:: Data records ::
--- START ---

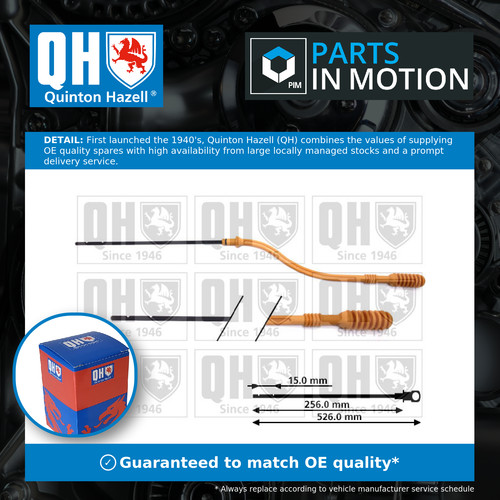 Dip stick fits renault kangoo - dip,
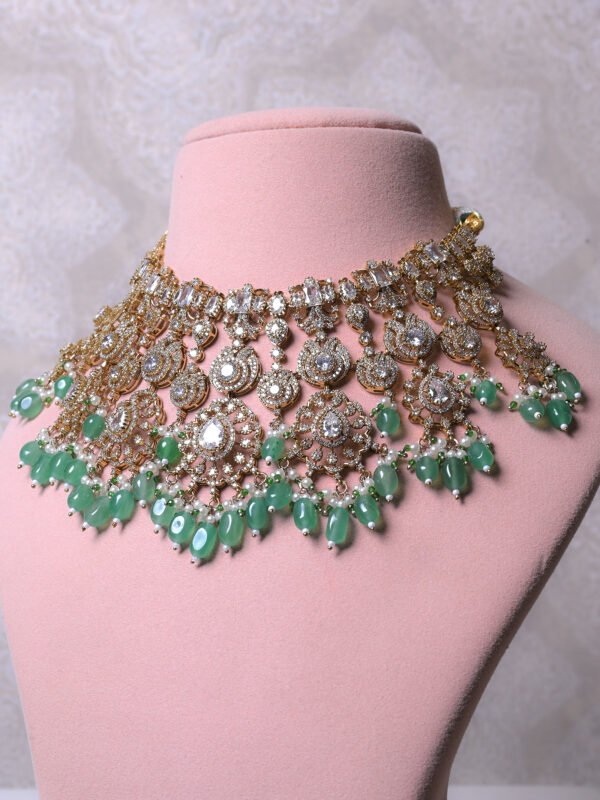 Chetana Bridal Necklace Set
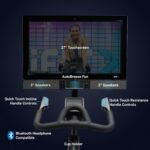 NordicTrack Serie de ciclo de estudio comercial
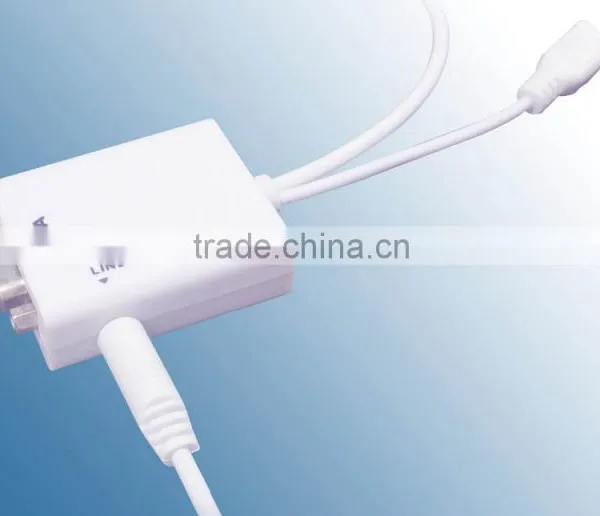 Micro USB 5 Pin MHL Adaptador VGA + Audio for Samsung Galaxy S2 Note Smart Phone photo-5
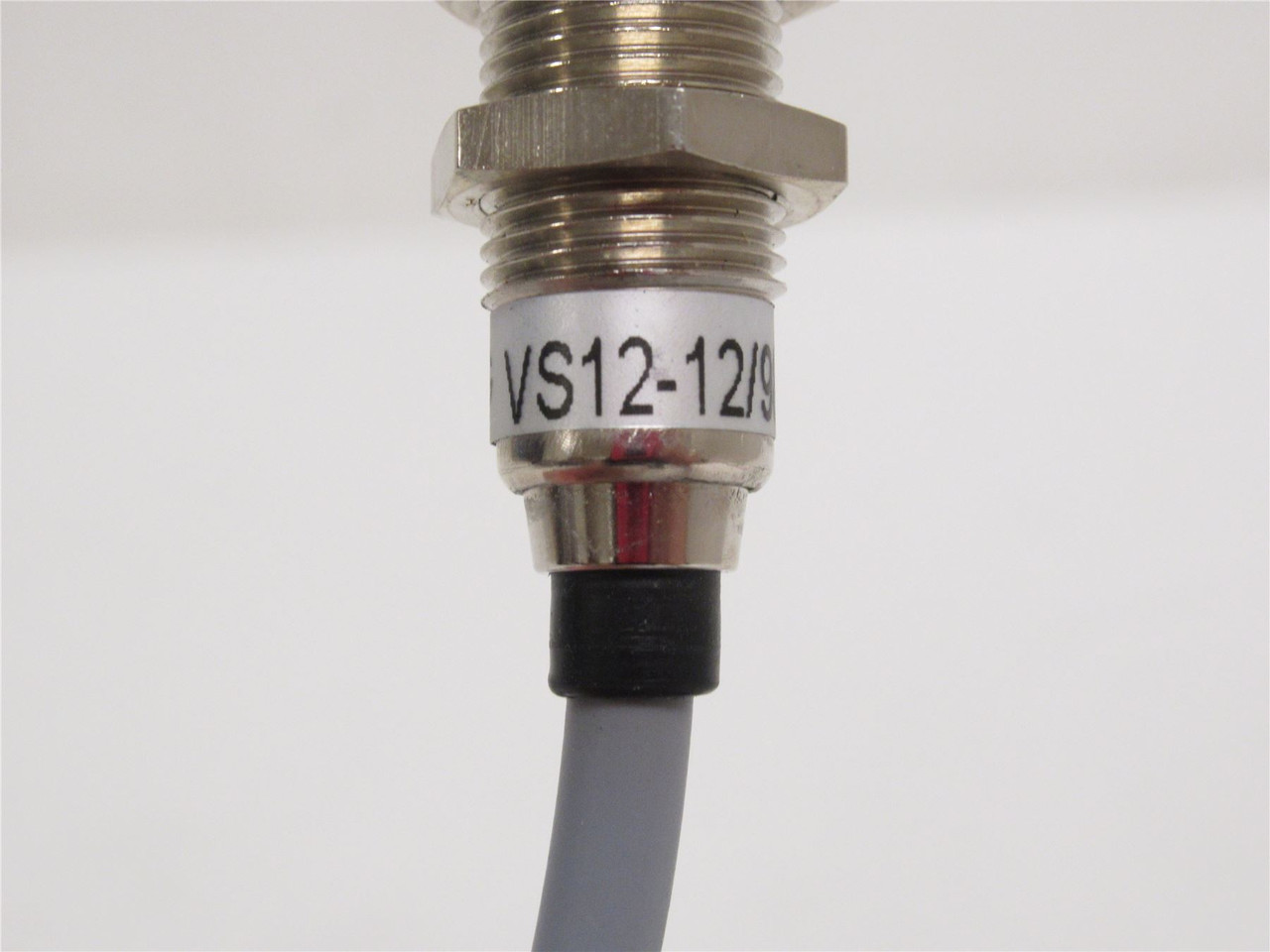 SICK VS12-12/9822; Inductive Proximity Switch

--- END ---

:: TASK STATEMENT ::
Reproduce the whole of the data, word for word, and omit its pictures.

:: REPLY TO THE TASK ::
 Dip stick fits renault kangoo - dip,
 Chetana Bridal Necklace Set
 NordicTrack Serie de ciclo de estudio comercial
 Micro USB 5 Pin MHL Adaptador VGA + Audio for Samsung Galaxy S2 Note Smart Phone photo-5
 SICK VS12-12/9822; Inductive Proximity Switch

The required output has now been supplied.